En Europe, une fois la pression romaine
disparue, l'État-cité et la nation
régionale se ranimèrent pour former les éléments d'une
nouvelle construction ; mais à l'exception d'un pays (et il est curieux de constater que ce pays fut l'Italie
elle-même), l'État-cité n'a pas offert de résistance réelle au processus
d'unification nationale. Nous pouvons attribuer à deux causes la résurrection énergique de la Cité en Italie.
D'abord, à l'oppression prématurée
que Rome avait fait subir à l'antique vie
urbaine libre en Italie avant que toutes ses potentialités n'eussent été réalisées; ensuite, à sa survie à
l'état de germe, non seulement dans
la vie civile prolongée de Rome même, mais dans la persistance, au sein
de la Municipia italienne, d'un sentiment
de vie séparée, qui avait été opprimé mais jamais tout à fait écrasé comme le furent la vie séparée
du clan en Gaule et en Espagne ou la vie séparée de la Cité en Grèce. Ainsi,
psychologiquement, l'État-cité italien ne s'est pas éteint satisfait d'avoir
donné sa mesure, pas plus qu'il n'a été irrémédiablement brisé ; il a revécu en
d'autres incarnations. Or, cette résurrection
fut un désastre pour la vie nationale de l'Italie* bien qu'elle ait été un bienfait et un avantage
incalculables pour la culture et la
civilisation du monde, car, de même que la vie de la Cité grecque avait à l'origine créé l'art, la littérature, la pensée et la science du monde
gréco-romain, de même la vie de la
Cité en Italie a retrouvé l'art, la littérature et la science antiques
et les a renouvelés en leur donnant une forme nouvelle pour nos temps modernes.

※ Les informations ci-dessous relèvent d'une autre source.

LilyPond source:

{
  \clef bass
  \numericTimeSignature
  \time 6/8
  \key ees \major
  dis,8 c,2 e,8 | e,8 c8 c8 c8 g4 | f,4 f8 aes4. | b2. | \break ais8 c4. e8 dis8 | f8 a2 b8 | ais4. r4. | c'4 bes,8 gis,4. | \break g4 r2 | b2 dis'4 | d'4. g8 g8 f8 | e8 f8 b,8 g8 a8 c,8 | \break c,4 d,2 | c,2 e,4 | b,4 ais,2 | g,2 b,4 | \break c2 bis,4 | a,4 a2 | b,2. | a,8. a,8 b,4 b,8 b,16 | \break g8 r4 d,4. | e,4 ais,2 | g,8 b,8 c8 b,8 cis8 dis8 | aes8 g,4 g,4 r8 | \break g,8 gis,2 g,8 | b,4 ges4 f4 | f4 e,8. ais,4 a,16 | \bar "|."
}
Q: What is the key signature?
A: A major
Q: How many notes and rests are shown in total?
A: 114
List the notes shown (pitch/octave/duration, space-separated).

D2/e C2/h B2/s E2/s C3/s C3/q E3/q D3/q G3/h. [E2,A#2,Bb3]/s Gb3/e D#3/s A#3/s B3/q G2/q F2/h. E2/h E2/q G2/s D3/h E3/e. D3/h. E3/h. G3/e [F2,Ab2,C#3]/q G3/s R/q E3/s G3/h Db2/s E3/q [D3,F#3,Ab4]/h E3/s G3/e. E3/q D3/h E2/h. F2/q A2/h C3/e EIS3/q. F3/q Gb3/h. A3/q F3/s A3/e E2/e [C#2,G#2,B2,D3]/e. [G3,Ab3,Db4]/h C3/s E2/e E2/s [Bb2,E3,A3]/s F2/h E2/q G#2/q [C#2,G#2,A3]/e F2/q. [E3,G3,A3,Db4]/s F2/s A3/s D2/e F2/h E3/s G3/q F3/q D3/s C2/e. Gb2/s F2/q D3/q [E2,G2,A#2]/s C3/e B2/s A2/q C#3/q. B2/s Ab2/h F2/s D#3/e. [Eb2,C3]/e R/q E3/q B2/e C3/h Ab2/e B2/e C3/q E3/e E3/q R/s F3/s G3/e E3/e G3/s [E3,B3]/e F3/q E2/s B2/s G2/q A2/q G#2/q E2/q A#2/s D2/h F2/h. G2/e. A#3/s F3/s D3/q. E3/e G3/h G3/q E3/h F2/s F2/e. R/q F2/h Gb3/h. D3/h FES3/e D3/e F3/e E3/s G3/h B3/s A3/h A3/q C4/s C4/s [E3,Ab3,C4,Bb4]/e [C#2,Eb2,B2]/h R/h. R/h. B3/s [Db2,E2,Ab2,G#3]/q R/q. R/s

En tant qu'unité, la Cité n'a revécu ailleurs
que sous la forme des municipalités libres ou à demi libres, comme en France médiévale, dans les Flandres et l'Allemagne du Moyen Âge, mais à aucun moment
elles n'ont été un obstacle à
l'unification ; au contraire, elles ont aidé à former la base subconsciente de l'unification, et en attendant, par la richesse de leurs impulsions et le
libre mouvement de leur pensée et de leur art, elles ont prévenu la
tendance médiévale à l'uniformité intellectuelle, à la stagnation et à
l'obscurantisme.
La vieille nation-clan a péri, sauf dans
les pays qui n'avaient pas subi la pression romaine, comme
l'Irlande et l'Écosse septentrionale et
occidentale, et elle y fut aussi fatale à l'unification que l'État-cité en Italie ; elle a empêché l'Irlande de former
une unité organisée et les Celtes des Highlands de s' amalgamer à la nation écossaise anglo-celtique, jusqu'au jour où l'Angleterre a abattu sur eux son joug et fait
ce que la domination romaine aurait
accompli si son expansion n'avait été
arrêtée par les Grampians et la mer d'Irlande. Dans le reste de l'Europe occidentale, l'œuvre accomplie par la
loi romaine était si solide que même la domination des nations-tribus de
la Germanie sur les pays occidentaux n'a pas
réussi à ranimer la vieille
nation-clan, pourtant fortement enracinée et obstinément séparatiste. À leur place, elle a créé les
royaumes régionaux de l'Allemagne et
les divisions féodales et provinciales de la France et de l'Espagne; or, c'est seulement en Allemagne, qui comme l'Irlande et les Highlands écossais
n'avait pas subi le joug romain, que
la vie régionale s'est avérée un sérieux obstacle à l'unification. En France, elle a semblé pendant un temps empêcher l'unification, mais en réalité la
vie régionale n'a résisté que juste
assez de temps pour devenir un élément de
valeur, de richesse et de variation dans l'unité française finale. La perfection sans pareille de cette unité
est un signe de la sagesse secrète
dissimulée sous les tribulations prolongées que nous observons d'un bout à l'autre de l'histoire de la France,
histoire qui, pour un observateur superficiel, semble si misérable et tourmentée, une si longue alternance
d'anarchie et de despotisme féodal ou monarchique et si différente du
développement graduel, régulier et beaucoup
plus ordonné de la. vie nationale de
l'Angleterre. Mais en Angleterre, la variation et la richesse
nécessaires à l'organisme final furent apportées autrement, par la vaste différence des races qui ont formé la nouvelle nation et par la persistance du pays de
Galles, de l'Irlande et de l'Écosse
en tant qu'unités culturelles distinctes, dotées d'une conscience
subordonnée et bien à elles au sein de l'unité plus vaste.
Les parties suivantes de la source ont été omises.